**Data in this exercise**
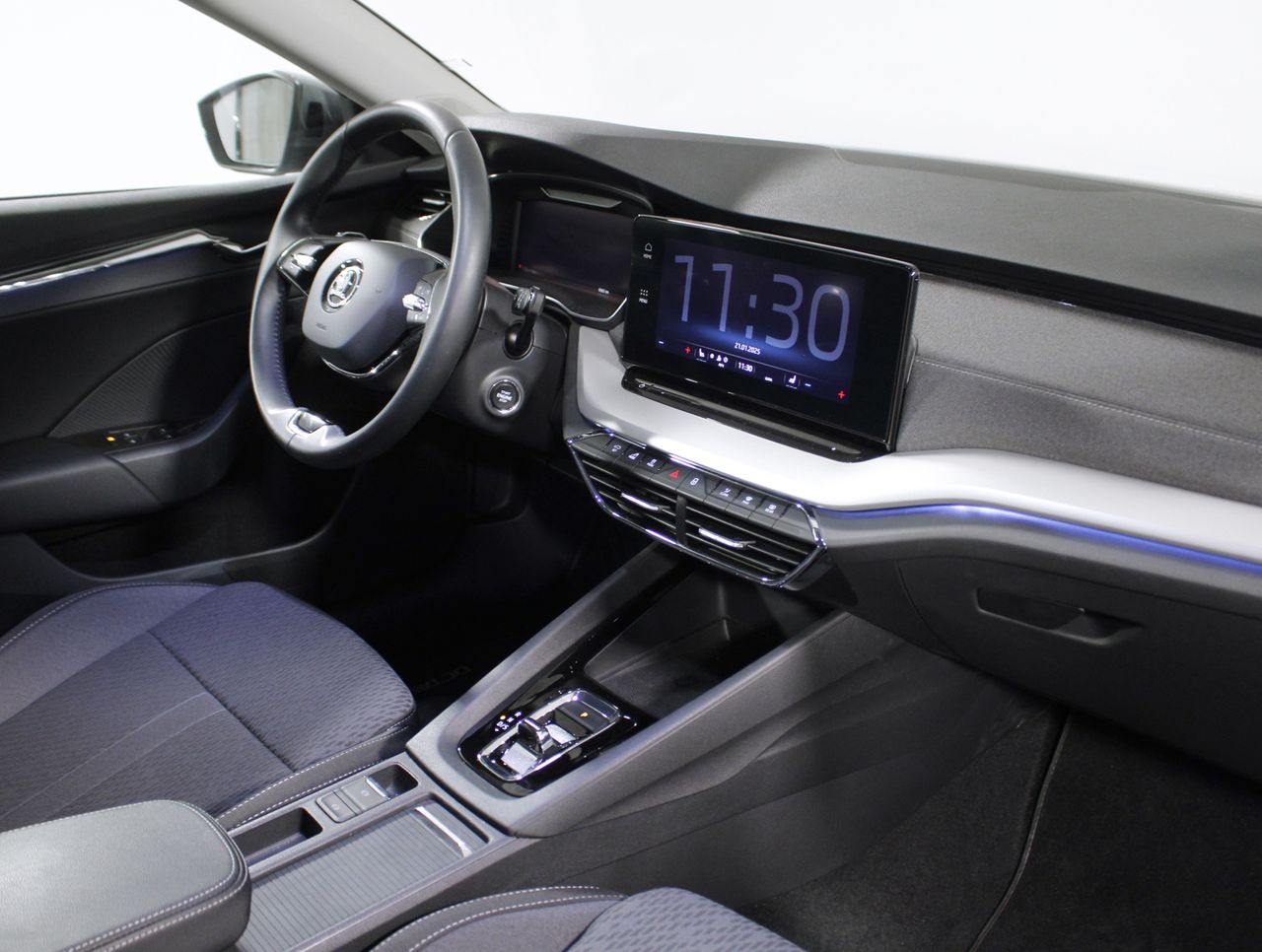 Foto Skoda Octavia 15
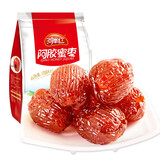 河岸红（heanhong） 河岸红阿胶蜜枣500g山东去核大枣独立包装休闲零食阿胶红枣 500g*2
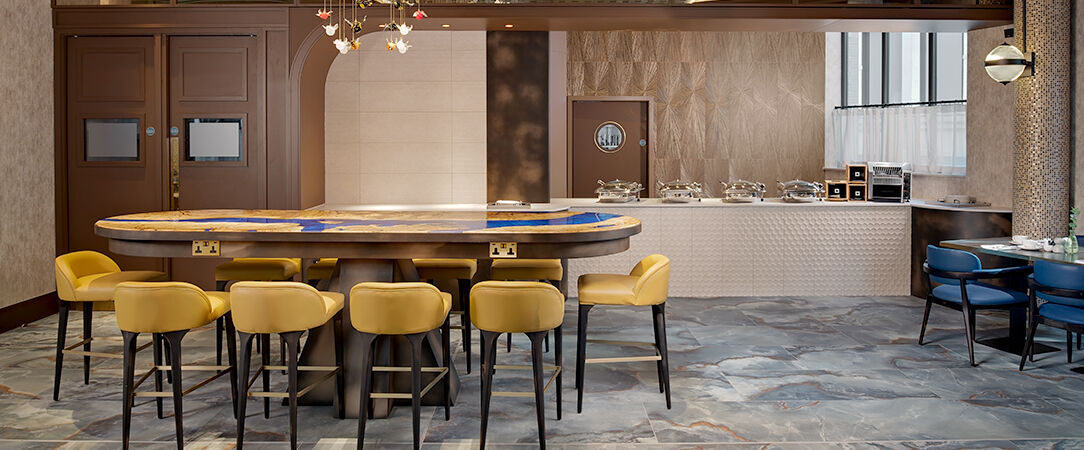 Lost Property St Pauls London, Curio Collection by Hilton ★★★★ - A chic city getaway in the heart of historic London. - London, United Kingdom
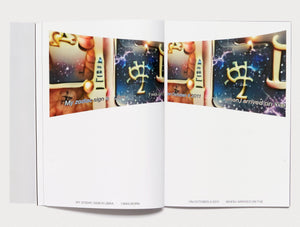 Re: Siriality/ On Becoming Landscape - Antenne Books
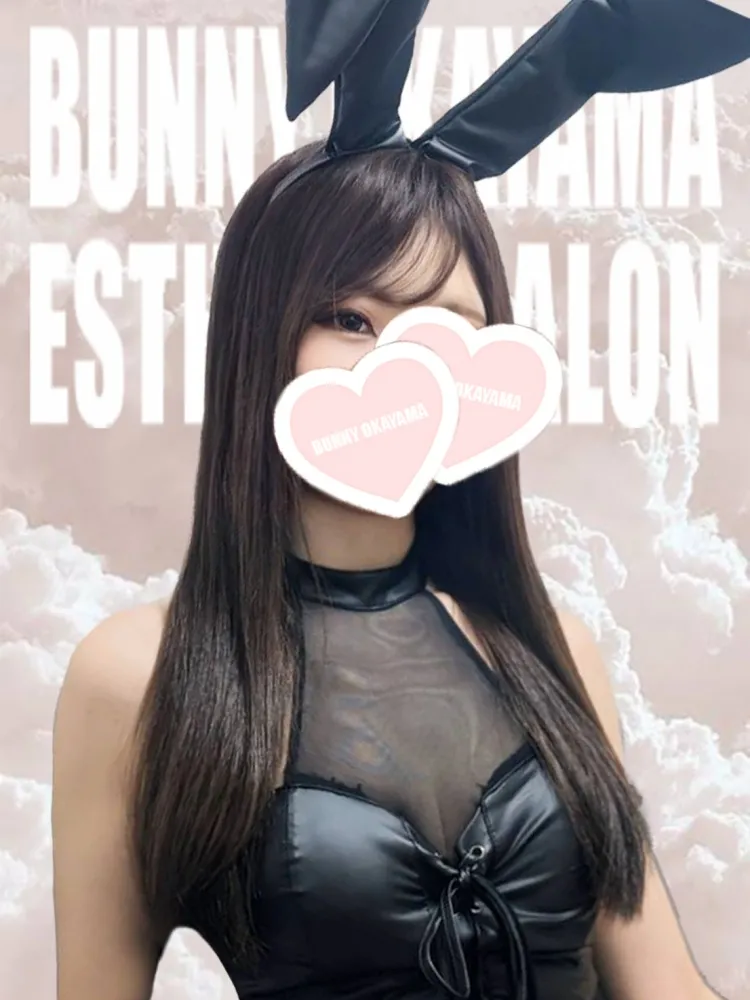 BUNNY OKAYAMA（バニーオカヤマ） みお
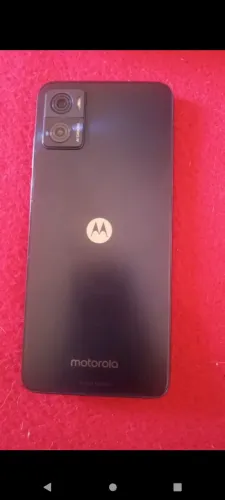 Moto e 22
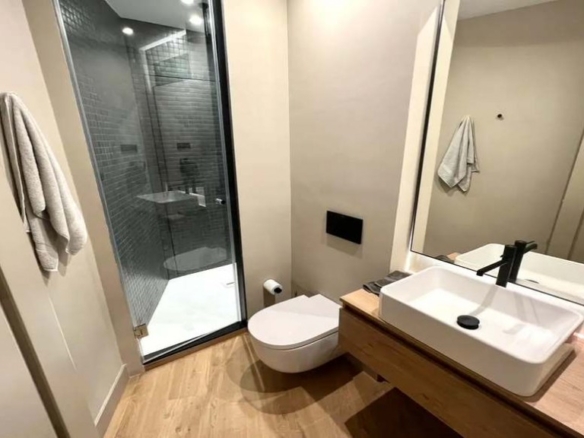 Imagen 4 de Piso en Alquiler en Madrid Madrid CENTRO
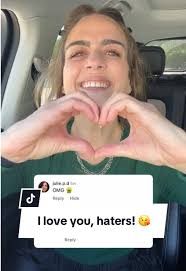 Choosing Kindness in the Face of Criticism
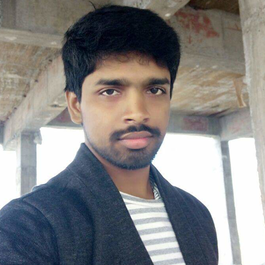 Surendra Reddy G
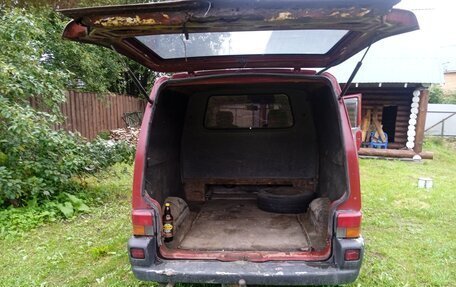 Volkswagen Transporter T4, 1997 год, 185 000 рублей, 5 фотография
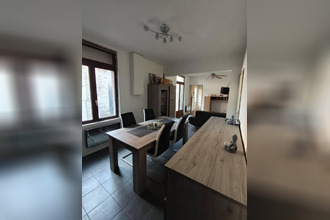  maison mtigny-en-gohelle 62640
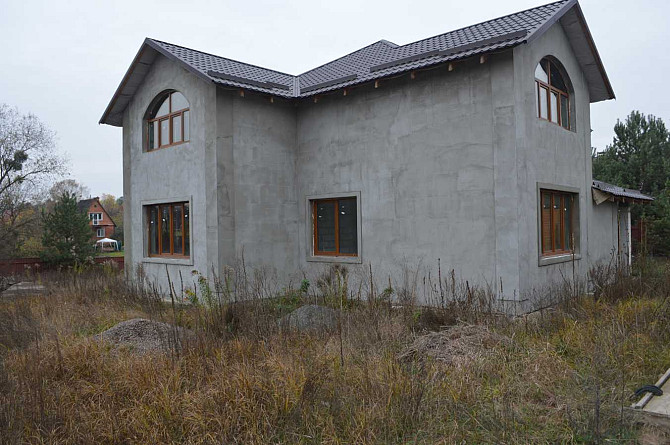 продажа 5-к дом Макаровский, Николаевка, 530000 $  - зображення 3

==

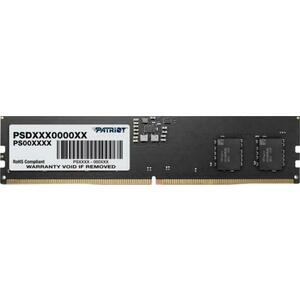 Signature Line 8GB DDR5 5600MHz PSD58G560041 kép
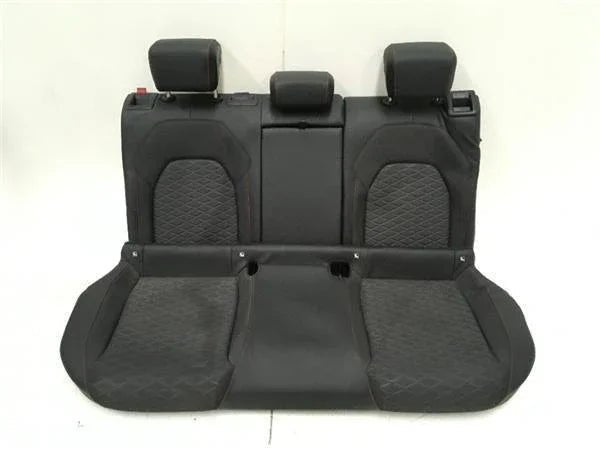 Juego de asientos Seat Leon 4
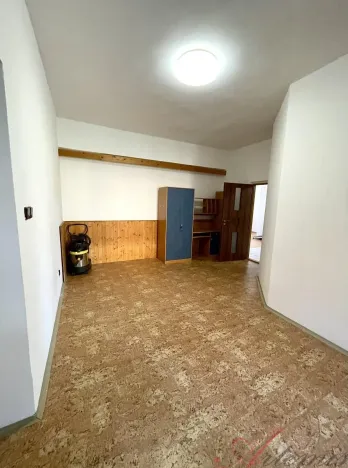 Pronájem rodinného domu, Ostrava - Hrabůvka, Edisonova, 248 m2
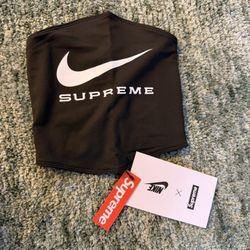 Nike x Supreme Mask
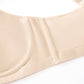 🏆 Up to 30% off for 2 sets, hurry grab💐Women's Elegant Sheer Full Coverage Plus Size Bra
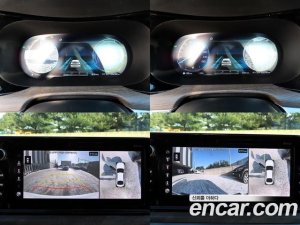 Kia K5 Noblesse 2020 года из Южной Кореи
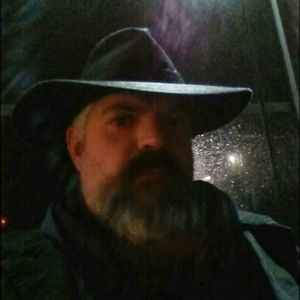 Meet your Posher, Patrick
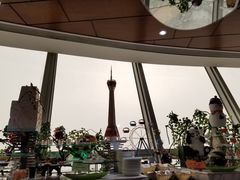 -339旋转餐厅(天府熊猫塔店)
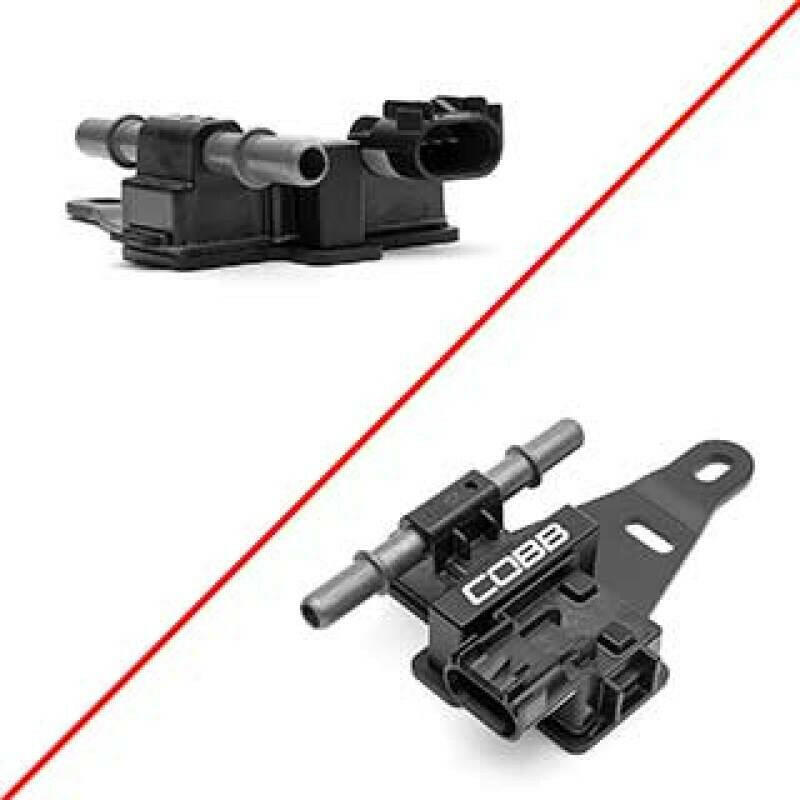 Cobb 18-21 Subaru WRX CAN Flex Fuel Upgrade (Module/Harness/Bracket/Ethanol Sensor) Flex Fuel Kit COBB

**Task description**
Leaving out each picture, repeat exactly the lines above from the one that contains "maison mtigny-en-gohelle 62640" through the one that contains "продажа 5-к дом".

**Answer space**
  maison mtigny-en-gohelle 62640
 продажа 5-к дом Макаровский, Николаевка, 530000 $  - зображення 3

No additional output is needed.